What this task involves.
Please transcribe only the lines between the one containing "Adrian Gerardo (gerardo6388)" and the end of the records, both ends included, exactly as written; skip every picture.

==================================================

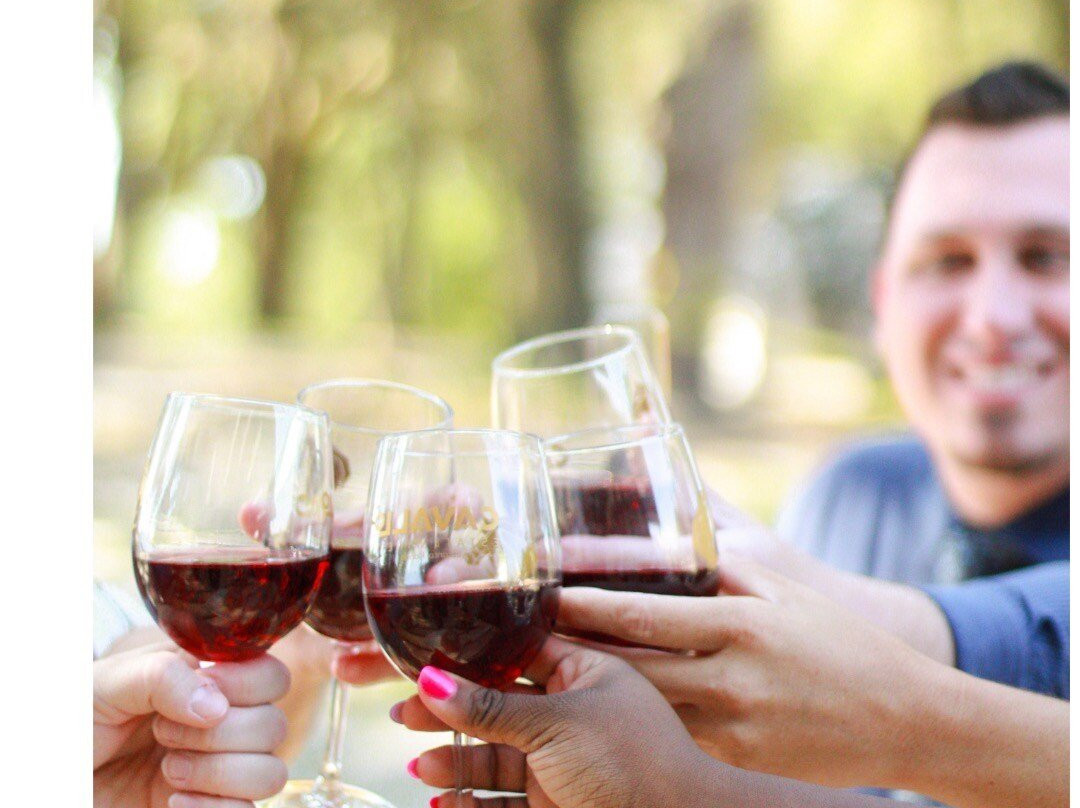 Cavallo Farm & Market-Lecanto必去景点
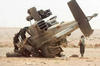 2030331_war_06.jpg 2030331_war_06.jpg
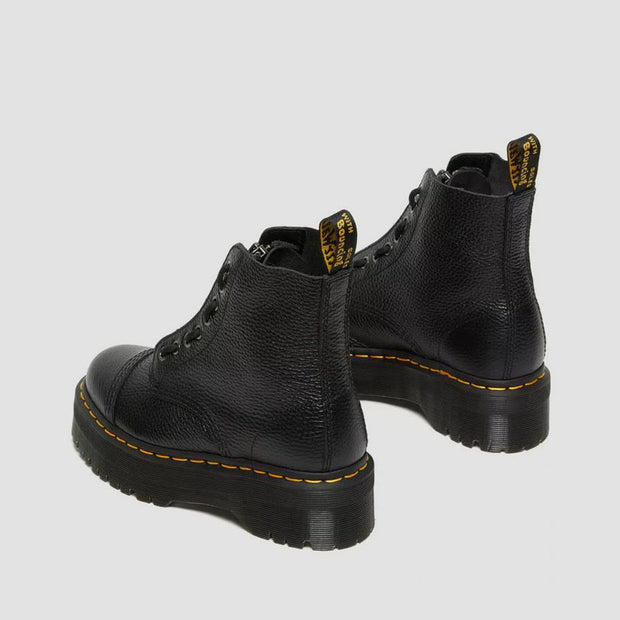 BOTIN SINCLAIR BLACK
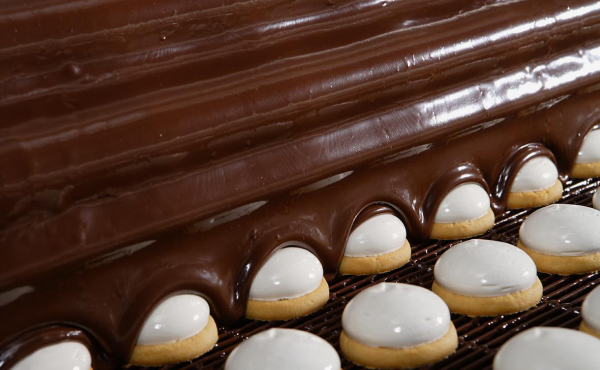 
                    Национализированные активы украинской &laquo;Конти&raquo; выставили на торги
                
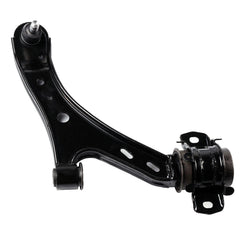 Front Tie Rod Control Arm And Ball Joint For 2005 06 07 08 09-2010 Ford Mustang 6B93BC-57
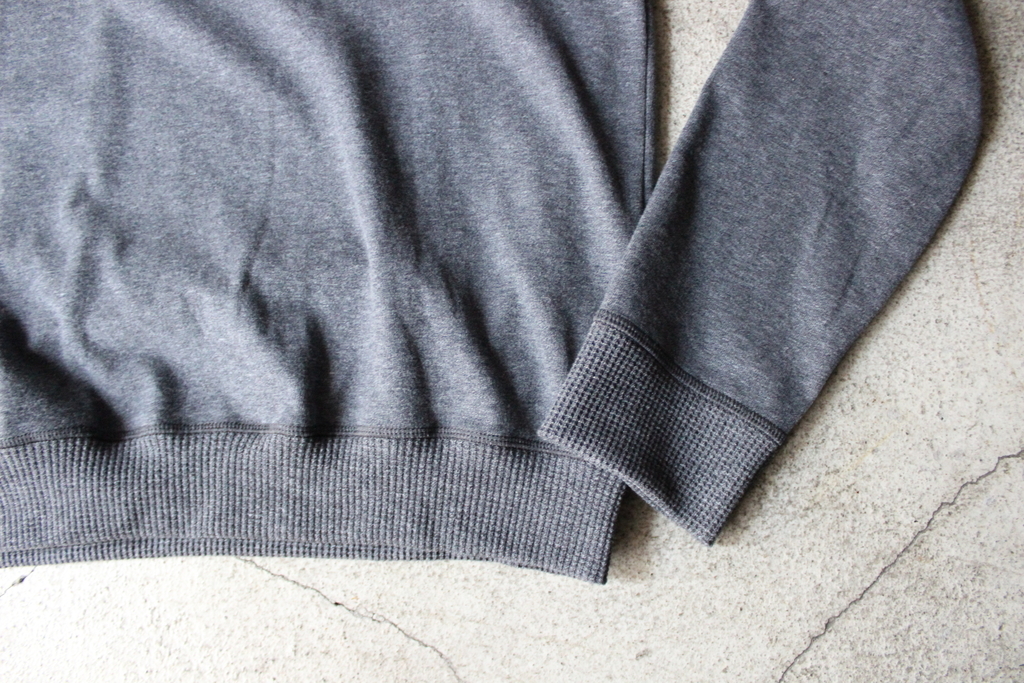 f:id:hynm_chinatown-rix:20181029191107j:plain f:id:hynm_chinatown-rix:20181029191107j:plain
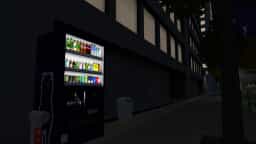 Screenshot for Japan Street 0.426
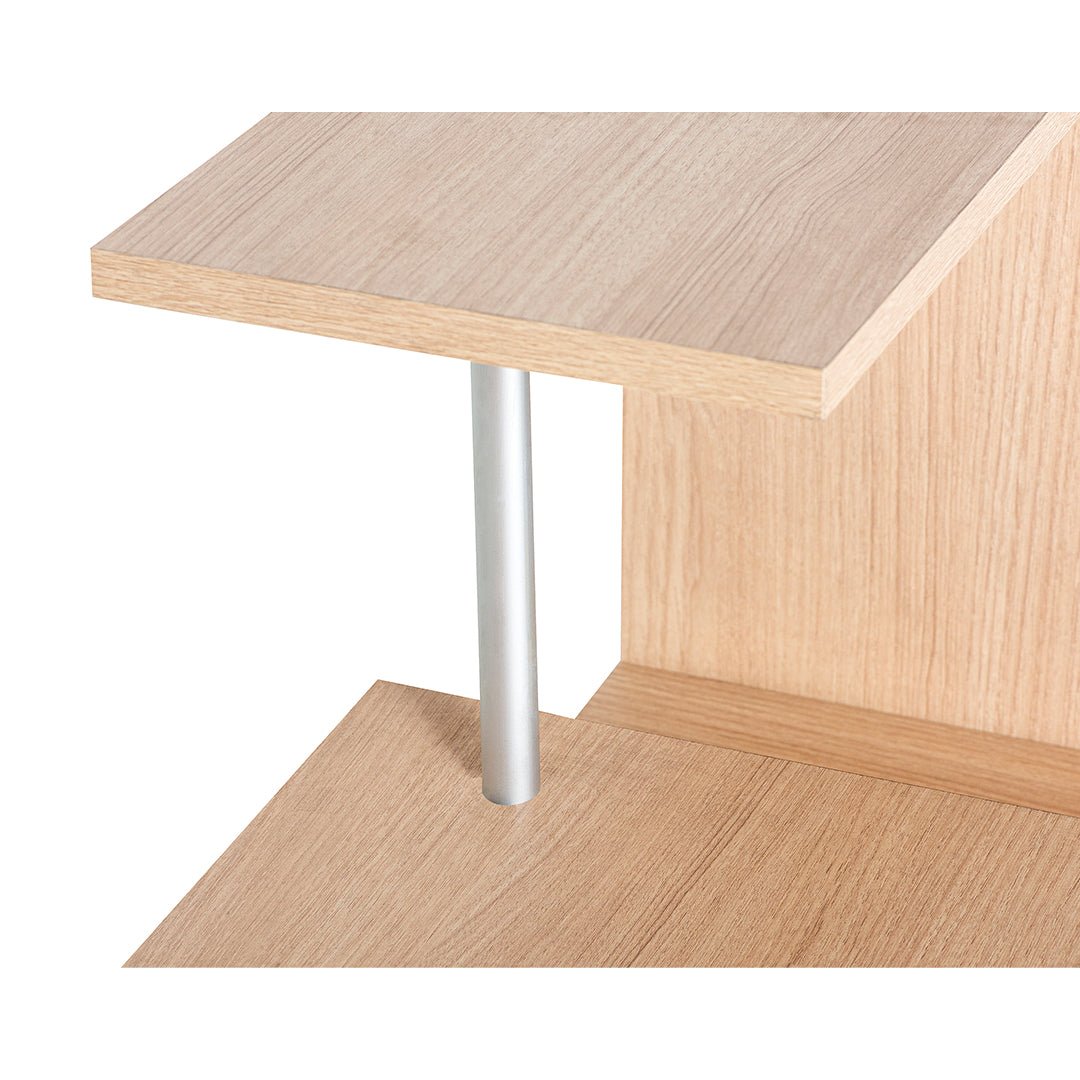 Escritorio Bilbao Carvalo - Relámpago.Shop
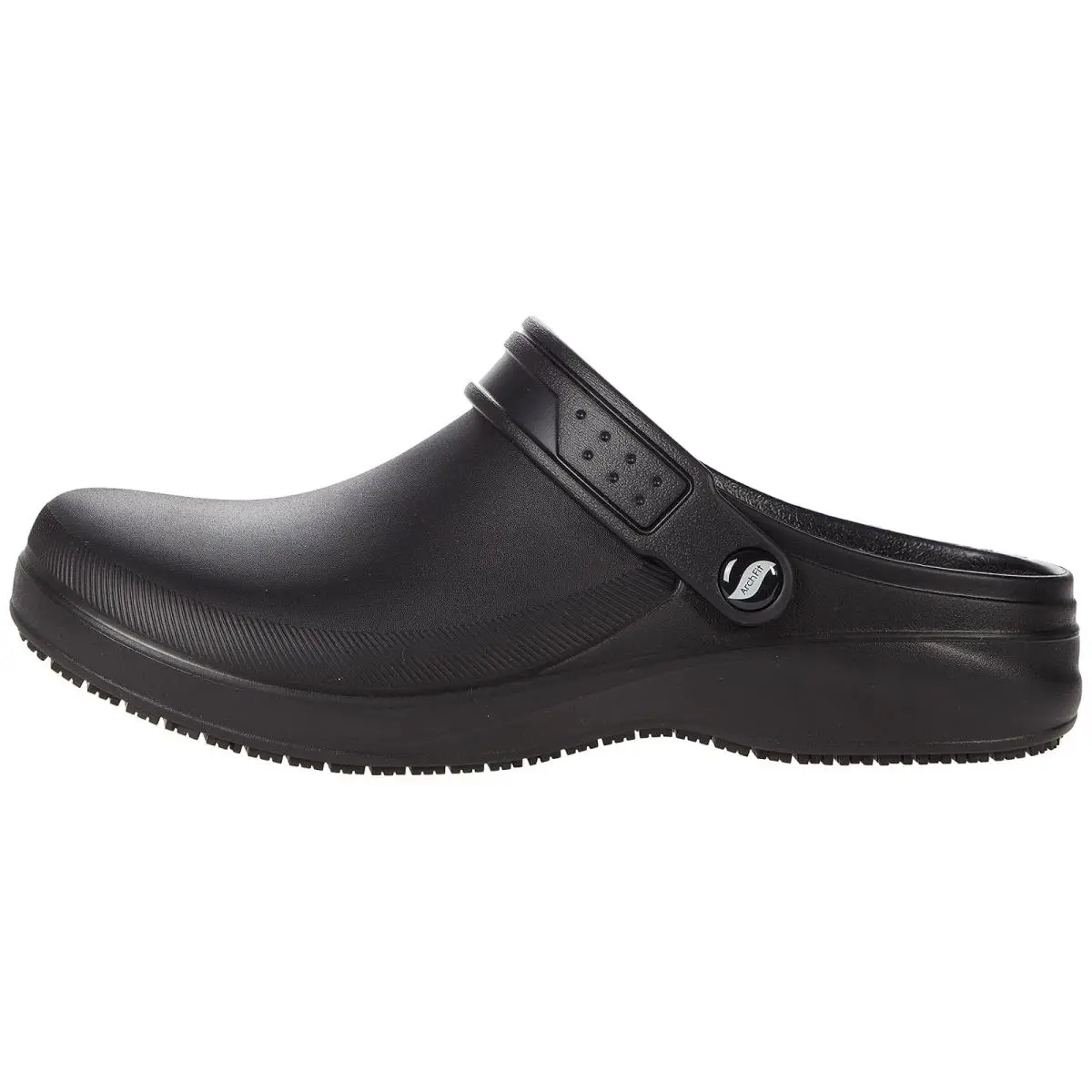 Skechers shoes - Black 2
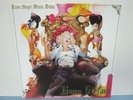 Gwen Stefani ?2004 Love.Angel.Music.Baby. 2x12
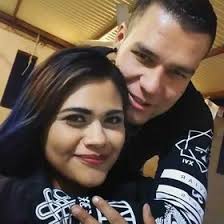 Adrian Gerardo (gerardo6388)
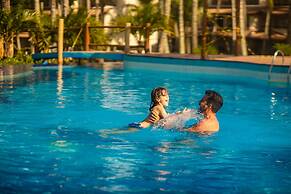 Cana Brava All Inclusive Resort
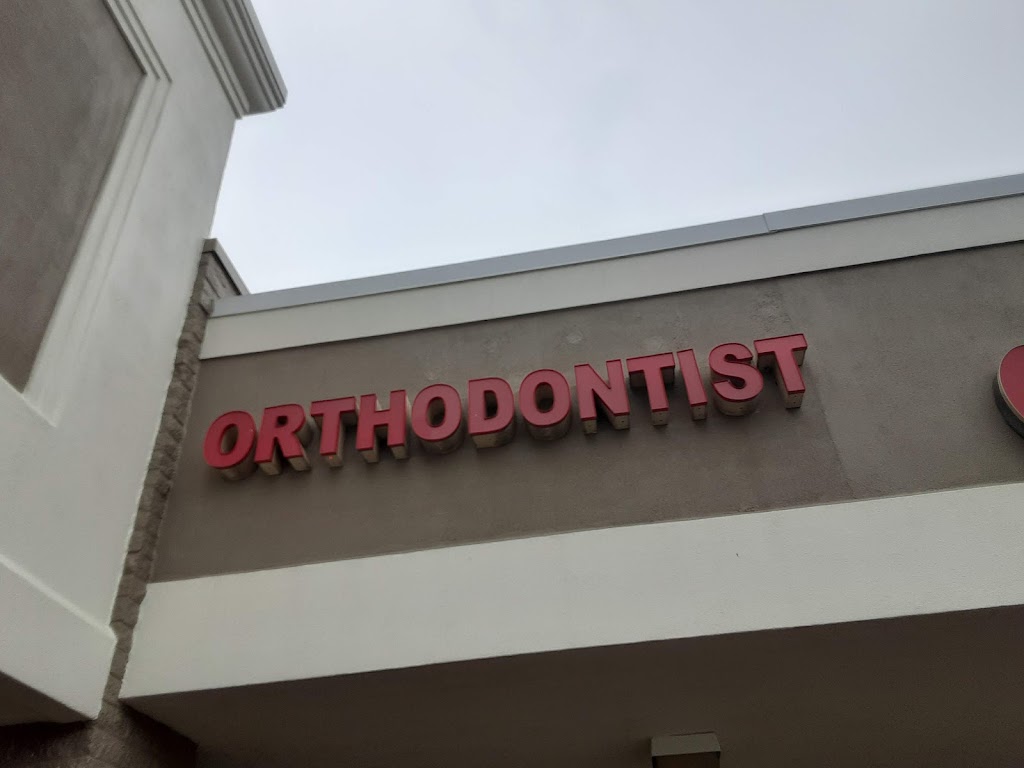 Orthodontique: Dara L. Rinchuse, DMD | 451 Hyde Park Rd # A, Leechburg, PA 15656, USA | Phone: (724) 845-1005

==================================================

Solution to this exercise.
 Adrian Gerardo (gerardo6388)
 Cana Brava All Inclusive Resort
 Orthodontique: Dara L. Rinchuse, DMD | 451 Hyde Park Rd # A, Leechburg, PA 15656, USA | Phone: (724) 845-1005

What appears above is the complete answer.